Proposed fix: record the arity of each concept when it is pushed onto the stack (in apply_shunting_yard_algorithm). FinalizeConceptParsing then pops the correct number of parameters for each concept, from innermost to outermost, building intermediate MetadataToken objects that are re-injected into parameters as ConceptToken before processing the next concept on the stack.


3. Type mismatch in ManageUnrecognized for recognized parameters

When SimpleConceptsParser recognizes a token sequence, ManageUnrecognized creates:

state_context.parameters.append(
    ConceptToken(res.items[0], buffer_start_pos, parser_input.pos - 1)
)

res.items[0] is a list[MetadataToken] (one complete path from SimpleConceptsParser), but ConceptToken.concept is typed as Concept. Any downstream code that uses this ConceptToken will receive a list where it expects a Concept instance.

Proposed fix: define a dedicated container for a recognized parameter (e.g. ParsedParameterToken) that wraps a list[MetadataToken] with start/end positions, or flatten the result to a single MetadataToken when res.items[0] contains exactly one token.


4. Variable-to-parameter mapping not applied

FinalizeConceptParsing creates a MetadataToken without populating the concept's variables. parameters = [UT("1 "), UT("2")] maps positionally to variables = [("a", NotInit), ("b", NotInit)], but this mapping is never applied. The produced MetadataToken is therefore incomplete: a downstream evaluator has no way to retrieve parameter values from the token alone.

Proposed fix: in FinalizeConceptParsing, zip parameters with concept.metadata.variables and store the result in the MetadataToken's metadata, or pass it as a dedicated field.


5. SyaConceptsParser absent from other_parsers

other_parsers = [SimpleConceptsParser()]. A parameter can be a simple (parameter- less) concept, but never a composite concept with parameters. True composition — where a parameter is itself a SYA-parsed concept — is structurally impossible with the current design.

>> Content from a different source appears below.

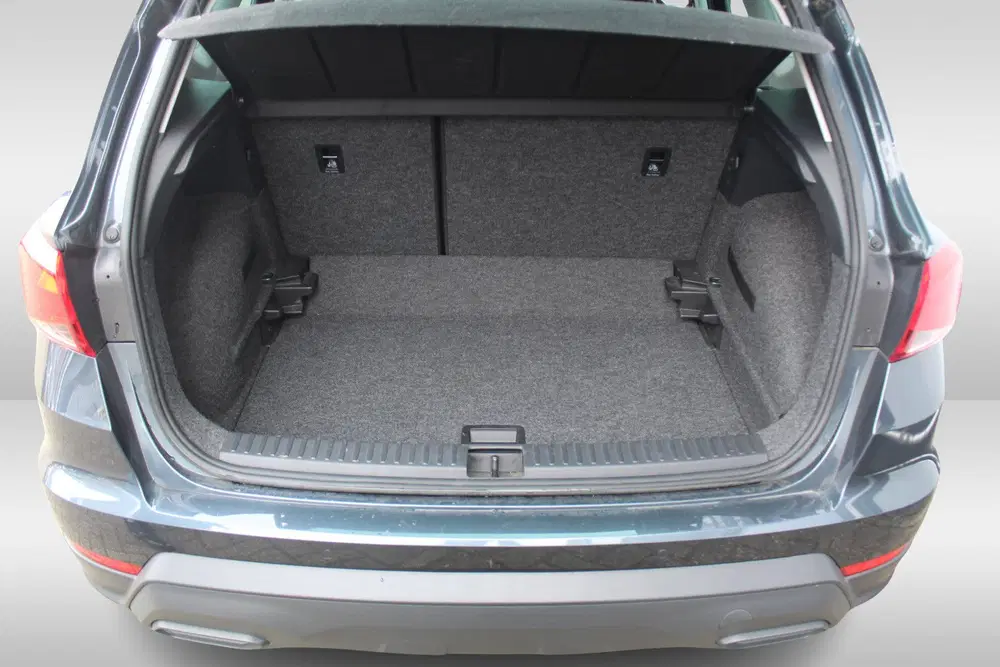 SEAT Arona 1.0 TSI FR Business Connect l Stoelverwarm uit 2023, foto 6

Proposed fix: add SyaConceptsParser to other_parsers. A guard is required to prevent infinite recursion: the nested instance should exclude the concept currently being recognized from its search space.


Priority order

# Issue Blocking
1 Multi-token parameters Practical usability
2 ConceptToken type mismatch Correctness
3 Variable-to-parameter mapping Evaluation pipeline
4 Arity not tracked on the stack must_pop / precedence
5 SyaConceptsParser absent from other_parsers Real composition

Issues 3 and 4 are interdependent with must_pop: implementing them independently (before activating precedence) is still valuable and lays the correct foundation.